__YOUR ASSIGNMENT__. Where an image appears in the data, omit it and reproduce the rest exactly.

__COLLECTED DATA__.
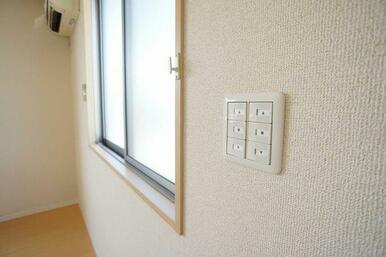 ご注目、スイッチ一つで防犯シャッター雨戸を開閉できます。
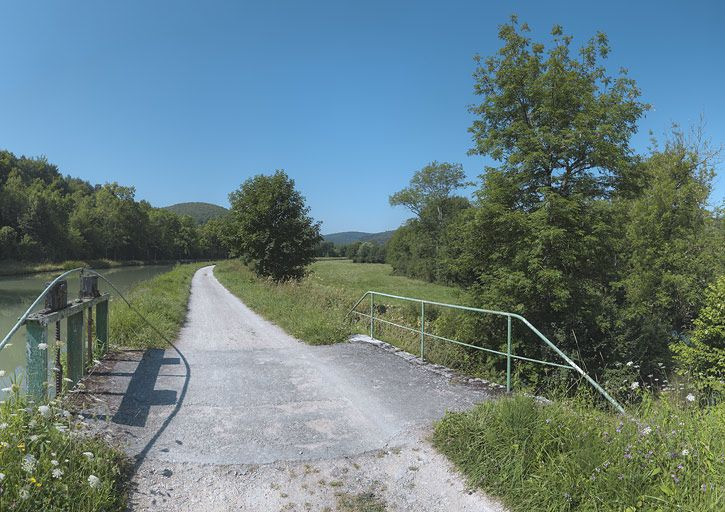 Vannes et garde corps du déversoir. © Thierry Kuntz / Région Bourgogne-Franche-Comté, Inventaire du patrimoine - 2012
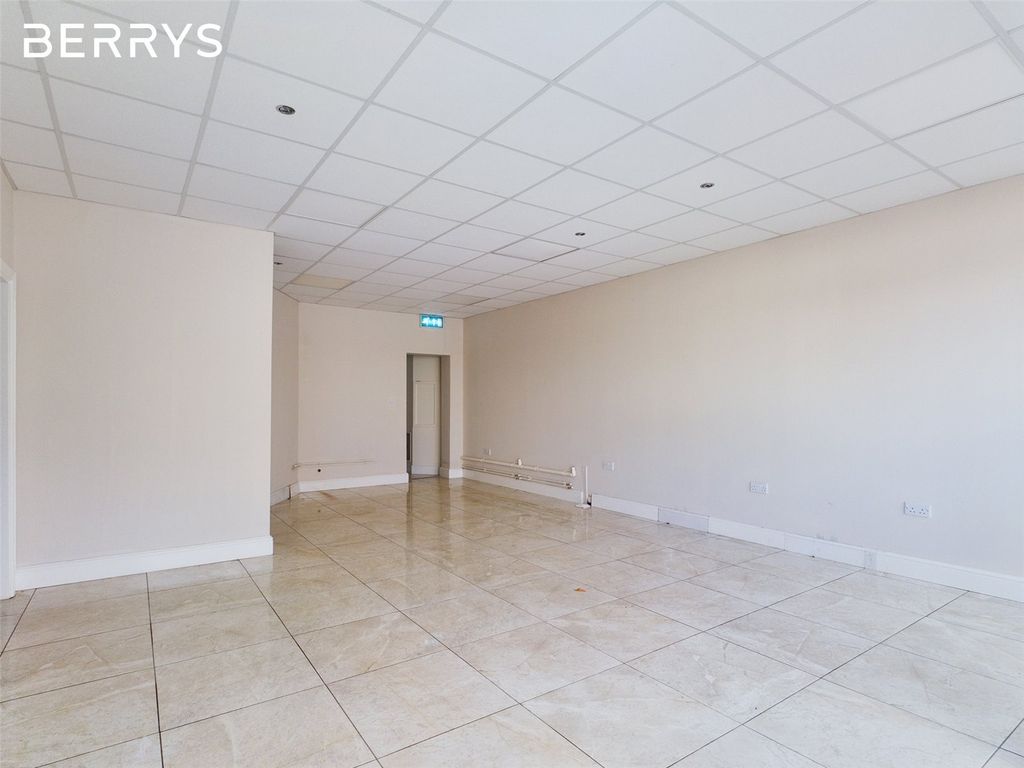 Property photo 2 of 8 Picture No. 06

__RESPONSE TO THIS TASK__.
 ご注目、スイッチ一つで防犯シャッター雨戸を開閉できます。
 Vannes et garde corps du déversoir. © Thierry Kuntz / Région Bourgogne-Franche-Comté, Inventaire du patrimoine - 2012
 Property photo 2 of 8 Picture No. 06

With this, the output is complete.